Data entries
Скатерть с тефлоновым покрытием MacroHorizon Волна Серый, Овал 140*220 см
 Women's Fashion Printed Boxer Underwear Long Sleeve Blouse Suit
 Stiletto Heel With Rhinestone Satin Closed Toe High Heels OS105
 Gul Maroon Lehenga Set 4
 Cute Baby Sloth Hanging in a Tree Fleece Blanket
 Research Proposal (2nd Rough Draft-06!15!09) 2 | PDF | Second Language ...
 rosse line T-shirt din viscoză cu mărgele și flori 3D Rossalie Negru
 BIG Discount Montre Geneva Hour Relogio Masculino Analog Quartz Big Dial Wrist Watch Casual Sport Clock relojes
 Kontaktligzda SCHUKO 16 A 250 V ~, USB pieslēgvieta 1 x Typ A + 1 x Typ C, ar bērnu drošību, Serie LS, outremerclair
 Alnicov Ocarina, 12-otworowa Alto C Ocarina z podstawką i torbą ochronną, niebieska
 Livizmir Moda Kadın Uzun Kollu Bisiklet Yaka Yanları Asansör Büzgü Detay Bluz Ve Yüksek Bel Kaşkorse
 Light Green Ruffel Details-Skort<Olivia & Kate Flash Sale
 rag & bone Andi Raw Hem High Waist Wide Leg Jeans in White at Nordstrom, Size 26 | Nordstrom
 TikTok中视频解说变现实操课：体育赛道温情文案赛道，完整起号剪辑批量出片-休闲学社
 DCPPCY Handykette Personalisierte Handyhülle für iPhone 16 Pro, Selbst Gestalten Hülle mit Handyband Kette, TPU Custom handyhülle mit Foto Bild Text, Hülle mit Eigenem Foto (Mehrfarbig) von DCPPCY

- **Try it**: What must be returned is the line with "BIG Discount Montre" plus every line after it to the end of the entries, exactly as they appear.

- **Answer for this exercise**:
 BIG Discount Montre Geneva Hour Relogio Masculino Analog Quartz Big Dial Wrist Watch Casual Sport Clock relojes
 Kontaktligzda SCHUKO 16 A 250 V ~, USB pieslēgvieta 1 x Typ A + 1 x Typ C, ar bērnu drošību, Serie LS, outremerclair
 Alnicov Ocarina, 12-otworowa Alto C Ocarina z podstawką i torbą ochronną, niebieska
 Livizmir Moda Kadın Uzun Kollu Bisiklet Yaka Yanları Asansör Büzgü Detay Bluz Ve Yüksek Bel Kaşkorse
 Light Green Ruffel Details-Skort<Olivia & Kate Flash Sale
 rag & bone Andi Raw Hem High Waist Wide Leg Jeans in White at Nordstrom, Size 26 | Nordstrom
 TikTok中视频解说变现实操课：体育赛道温情文案赛道，完整起号剪辑批量出片-休闲学社
 DCPPCY Handykette Personalisierte Handyhülle für iPhone 16 Pro, Selbst Gestalten Hülle mit Handyband Kette, TPU Custom handyhülle mit Foto Bild Text, Hülle mit Eigenem Foto (Mehrfarbig) von DCPPCY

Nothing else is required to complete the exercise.